Anonymous Monk has asked for the wisdom of the Perl Monks concerning the following question:

Dear Monks, I've got an odd problem. I'm using the code from "urlify" to convert urls embedded in text to links. I use 2 regexps in order to catch urls that start a line, and ones that do not. This strategy works perfectly in the development environment (win) but the regexp that converts beginning of line urls breaks in production (unix).
$text =~ s{^($urls:[$any] +?)(?=[$punc]* [^$any]|$) }{<a href="$1" tar +get="_blank">$1</a>}igox;
I'm baffled, any ideas?

Replies are listed 'Best First'.
Re: url to html regex problem
by merlyn (Sage) on Oct 05, 2001 at 23:32 UTC
    How about using URI::Find instead? No point re-solving that problem. It even includes an example of what you're trying to do:
    Wrap each URI found in an HTML anchor. my $finder = URI::Find->new( sub { my($uri, $orig_uri) = @_; return qq|<a href="$uri">$orig_uri</ +a>|; }); $finder->find(\$text);
    Although that code is wrong. He needs to HTML-entitize the href parameter. Bleh. Here's the corrected code:
    use CGI qw(escapeHTML); my $finder = URI::Find->new( sub { my($uri, $orig_uri) = @_; $_ = escapeHTML("$_") for $uri, $ori +g_uri; return qq|<a href="$uri">$orig_uri</ +a>|; }); $finder->find(\$text);
    I just sent the author a bug report.

    -- Randal L. Schwartz, Perl hacker

Re: url to html regex problem
by suaveant (Parson) on Oct 05, 2001 at 22:58 UTC
    Why do you have two regexps, one for the beginning of a string and one for anywhere in a sting? \b (as shown on that web page) matches a word boundary, which the beginning of a string certainly is...

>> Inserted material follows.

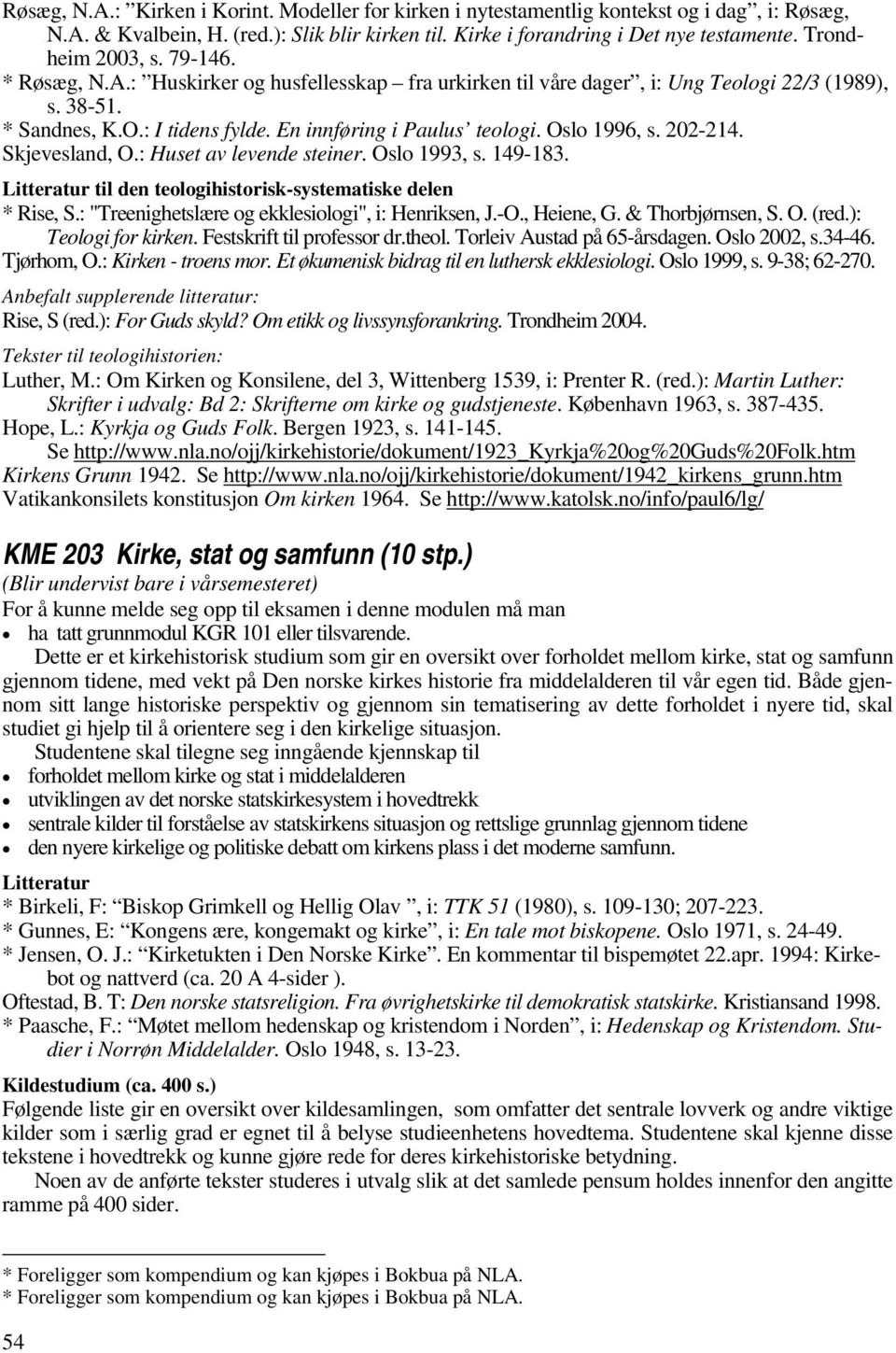 Oslo 1996, s. 202-214. Skjevesland, O.: Huset av levende steiner. Oslo 1993, s. 149-183. til den teologihistorisk-systematiske delen * Rise, S.: "Treenighetslære og ekklesiologi", i: Henriksen, J.-O.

    UpdateYes, I just tested the code from the web page on my linux box, it worked with urls at the beginning of a line and in the middle of a line...

    Update2 Yours works fine if I replace ^ with \b... but if you are trying to match urls at the beginning of a line that is not at the beginning of a string you need the m modifier on your regexp so the ^ will match after a newline, as well...

                    - Ant
                    - Some of my best work - Fish Dinner

      I use 2 regexps because it was the only way I could see to prevent urls that are already links from being linked again. Also notice that the first regexp is tweaked to preserve line breaks. Here's all the code I'm using for this:
      my $urls = '(http|telnet|gopher|file|wais|ftp|mailto)'; my $ltrs = '\w'; my $gunk = '/#~:.?+=&%@!\-'; my $punc = '.:?\-'; my $junk = qq~="'>~; # added my $any = "${ltrs}${gunk}${punc}"; $text =~ s{([^$junk]\s*\b)($urls:[$any] +?)(?=[$punc]* [^$any]|$) }{$1 +<a href="$2">$2</a>}igox; $text =~ s{^($urls:[$any] +?)(?=[$punc]* [^$any]|$) }{<a href="$1">$1< +/a>}igox;
      I swear this works on windows, but not our BSD. Any speculation on what could cause that? Thanks..
      Replacing ^ with \b is no good because of the presence of links as well as naked urls in the text. My previous reply shows why. You're right that the problem is urls at the beginning of a line in the middle of a string. I've tried both the m and s modifier with no luck. Like I said, it's baffling.
        Well... if urls are always preceded by a > you could do a negative lookahead for a >... but that isn't the greatest...

                        - Ant
                        - Some of my best work - Fish Dinner